介護保険を利用するには、市区町村の窓口で申請を行ない、要介護認定を受ける必要があります。そして、認定を受けた後、ケアマネージャーと相談して利用するサービスを選びます。

注意したいのは、介護保険には利用できる上限額があることです、限度額は、介護度が高いほど大きくなります。もっとも軽い要支援1で月に5万320円、もっとも重い要介護5で月に36万2170円です。

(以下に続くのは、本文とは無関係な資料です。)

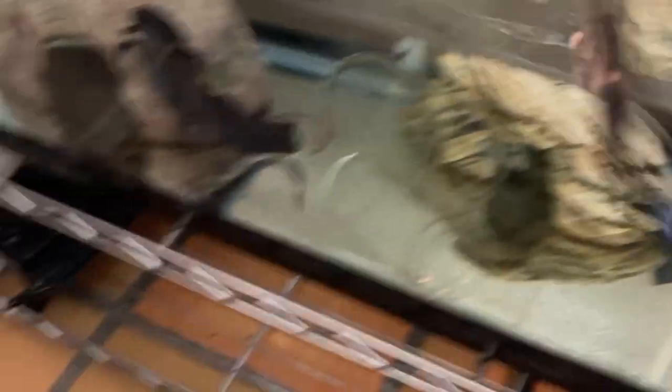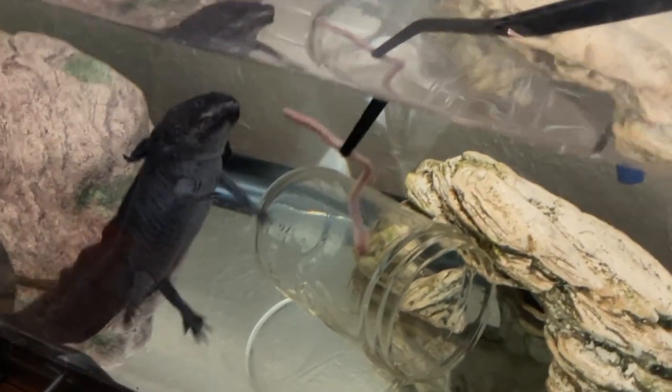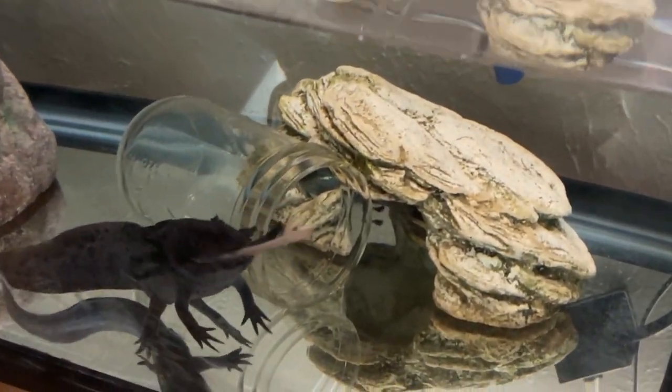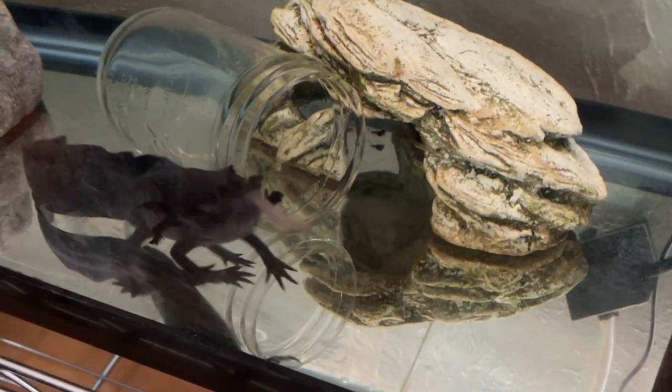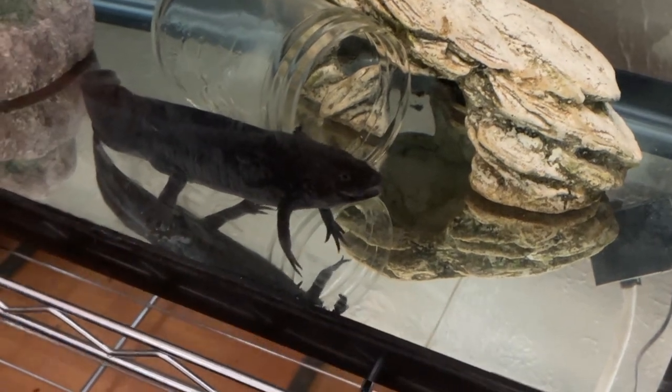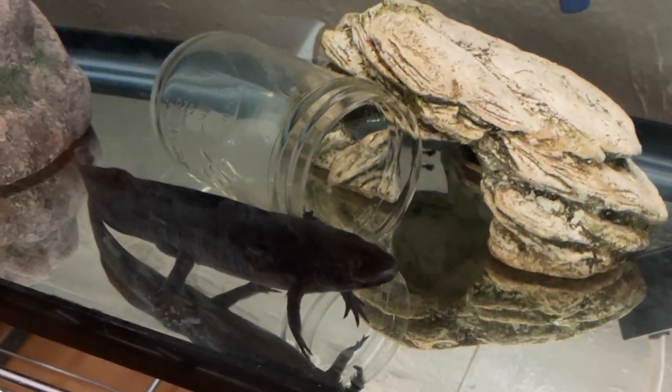He dropped it. There we go. Good job, Frank. Got it. Just like that, dinner is done.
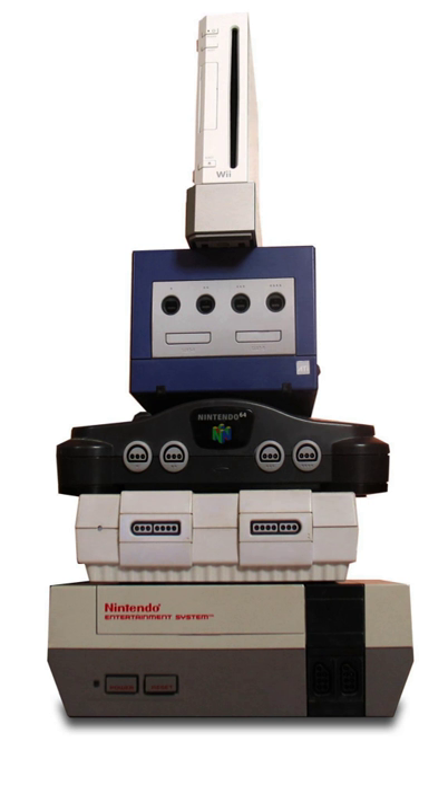The Wii U GamePad can be used in conjunction with other controllers compatible with the console, such as the Wii Remote Plus, Wii Balance Board, and the more conventional Wii U Pro Controller.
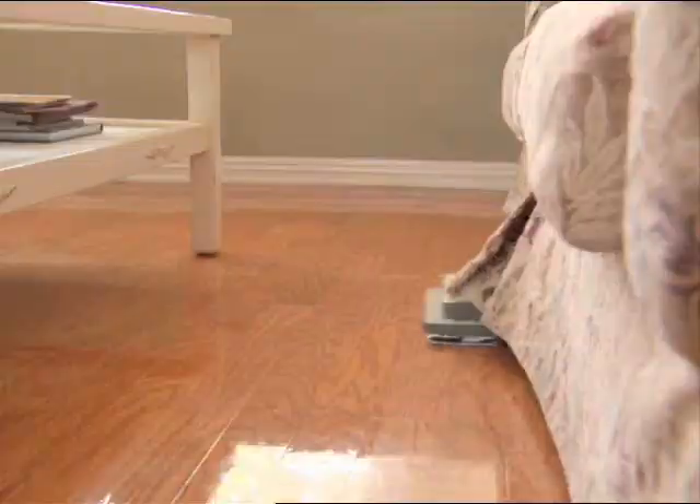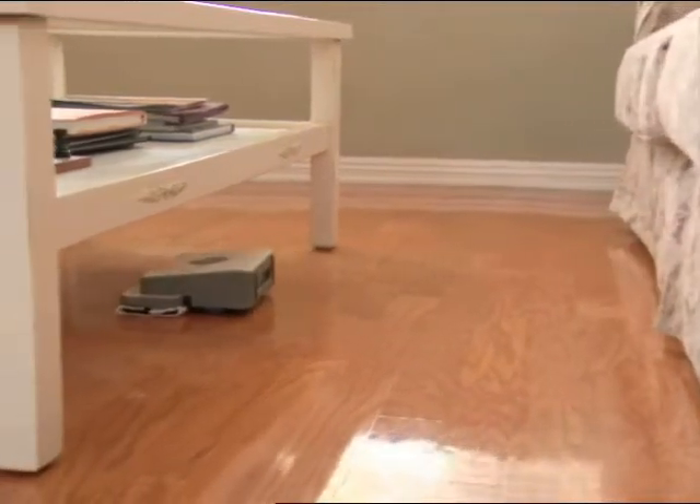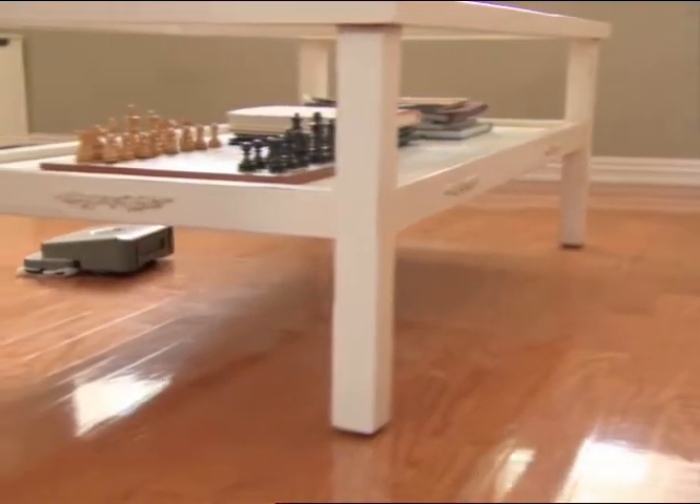It goes around the chairs, goes underneath the couch, cleans up underneath the couch. I used to have to move the couch, and now we just set it and come back and the floor is nice and clean. The Mint's just waiting to do another job.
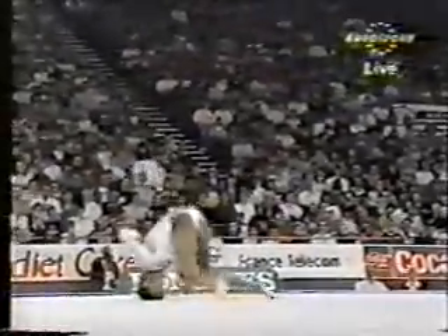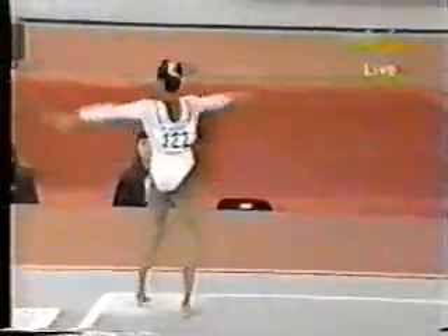Again we see the straddle jump. You can see all the gymnasts adding these extra jumps. Anyway, they can get bonus marks, they'll be doing it.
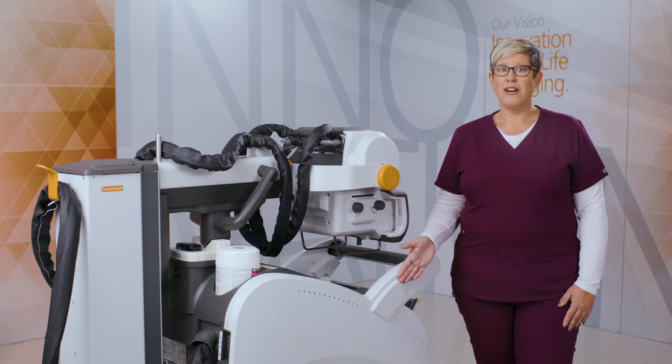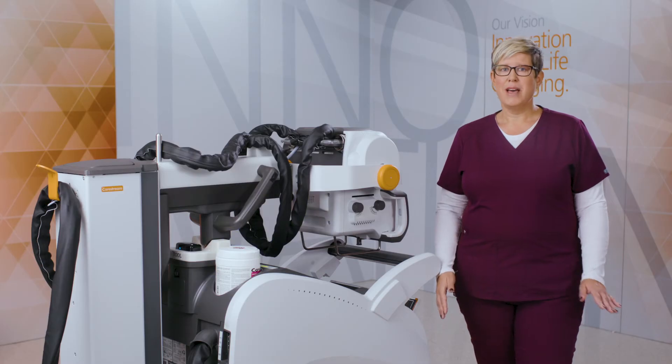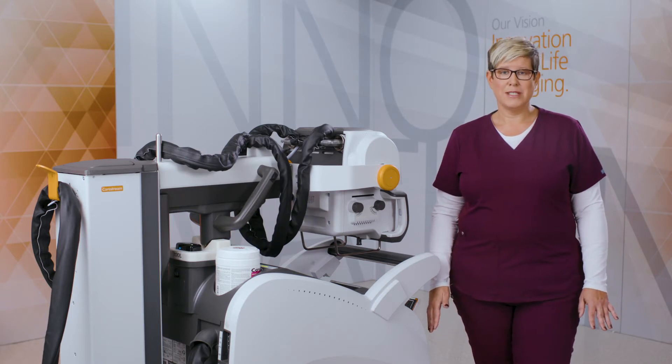With the swipe and go RFID option, a single swipe of your badge quickly allows you access to the system. It is compatible with most employee badges that use an RFID, but if not, CareStream will be happy to supply your facility.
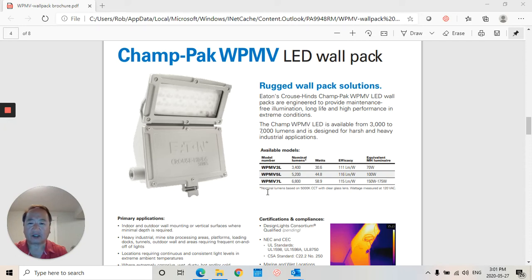My name is Rob Chow from ElectroSales Saskatoon. I'm here to introduce the new Cross Hines Champac WPMV LED Wall Pack. This unit comes in three different lumen packages: 3400, 5200, and 6800 lumens.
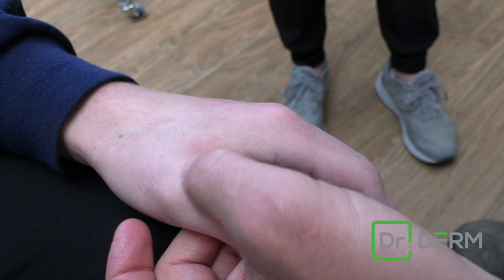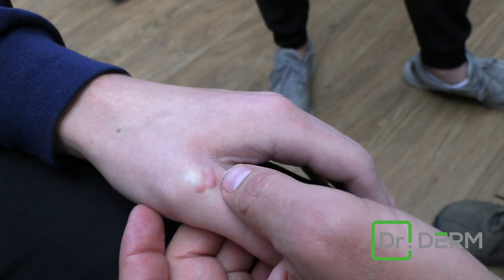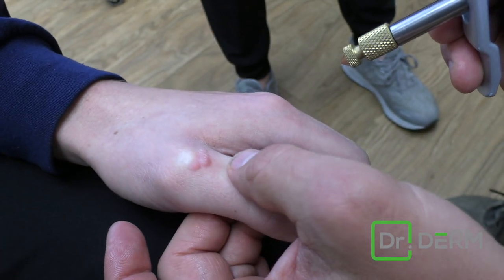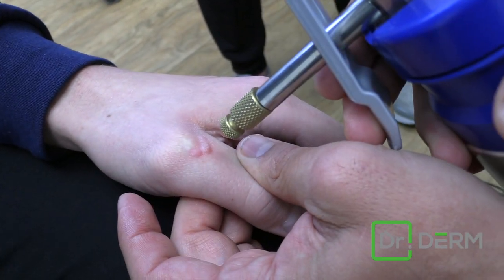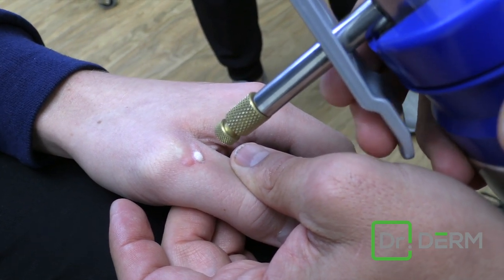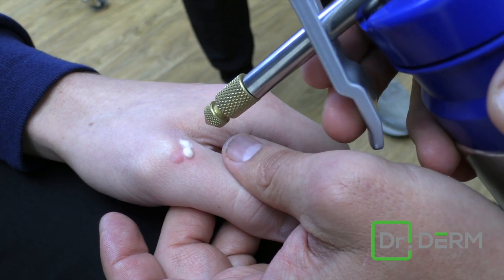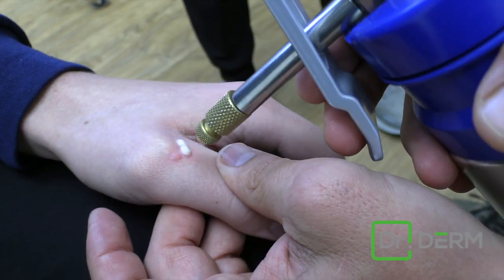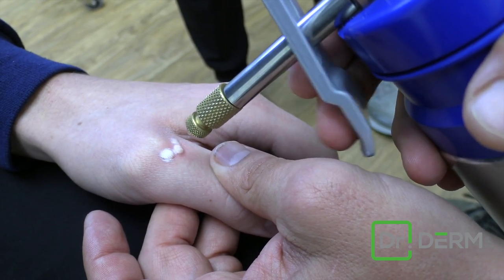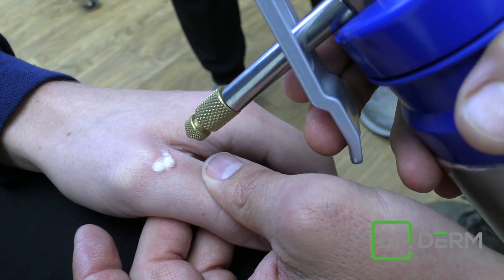It's already been frozen before — all of it has been frozen multiple times. You can already see a little bit of freezing from before. So I want this ice ball to go deep, so I pulse it. If I just froze flatly, it would spread wide, but I want it to go deep. So most of the time I'm doing warts, I'm pulsing it so that the ice ball goes deep.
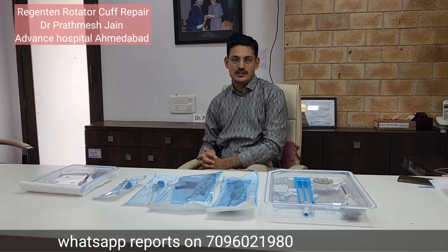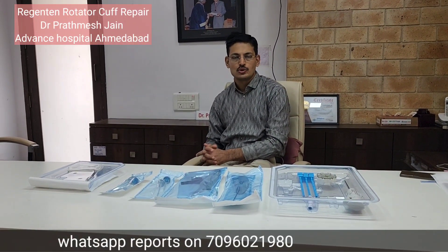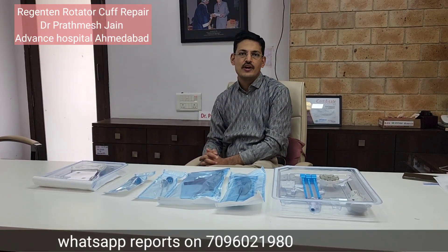Regenten technology is the world's most advanced technology to repair rotator cuff tears. Regenten is basically a patch which is bio-inductive and helps in the ingrowth of tissue. It is very helpful in two main scenarios.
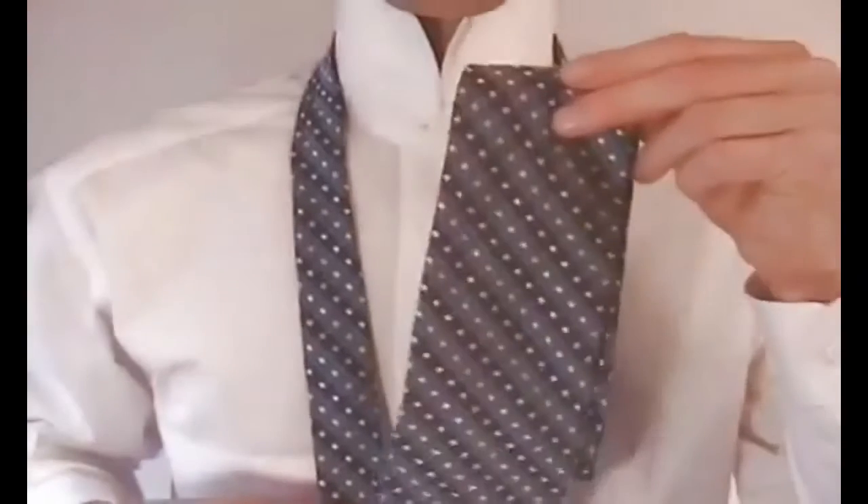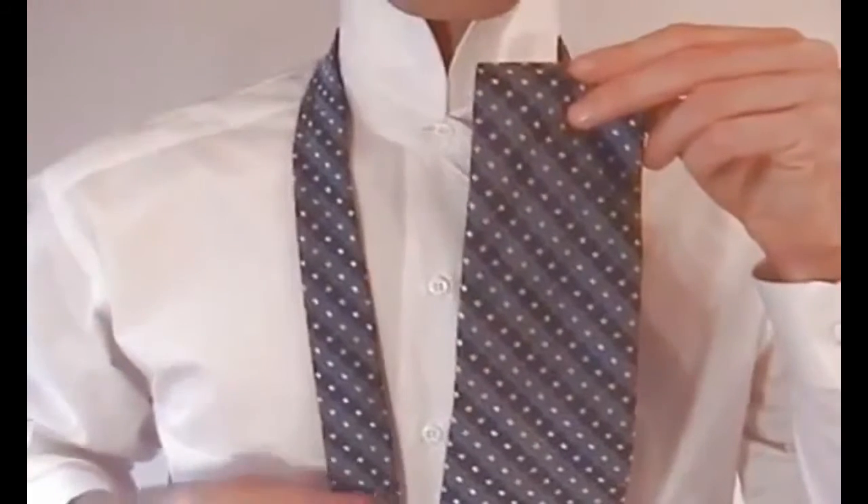This is the full Windsor knot. Start by grabbing the wide end of the tie in your right hand and the narrow end in your left hand.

限度額を超えてもサービスは受けられますが、その場合は自己負担になります。

介護する立場になったときに活用してほしいのが、雇用保険の加入者であれば利用できる介護休業制度です。

ほとんど知られていない「介護休業制度」

介護休業は希望したら使える制度ですが、2022年度の厚生労働省による調査では、利用率は1%以下。ほとんど使われていません。本当に、もったいないですよね。その理由として「制度自体を知らない」「活用方法がわからない」という意見が聞かれます。

それに加えて、個人的な理由だけではなく「会社で介護休業や介護休暇を使った前例がなく、適切な対応ができなかった」という理由もあるようです。

オフィスで苦労し、不安を感じているビジネスマン
写真=iStock.com/recep-bg
※写真はイメージです

もし、介護する立場になったら、介護休業制度の活用をお勧めします。

というのは、介護離職すると収入が途絶えるからです。介護で仕事を辞める背景には、親が施設に入りたくないと嫌がり、「私が介護しなければ親がかわいそうだ」という義務感が生まれることなどがあります。心情的には正解なのかもしれませんが、仕事を辞めると、復帰するのは簡単ではありません。高齢ならなおさらです。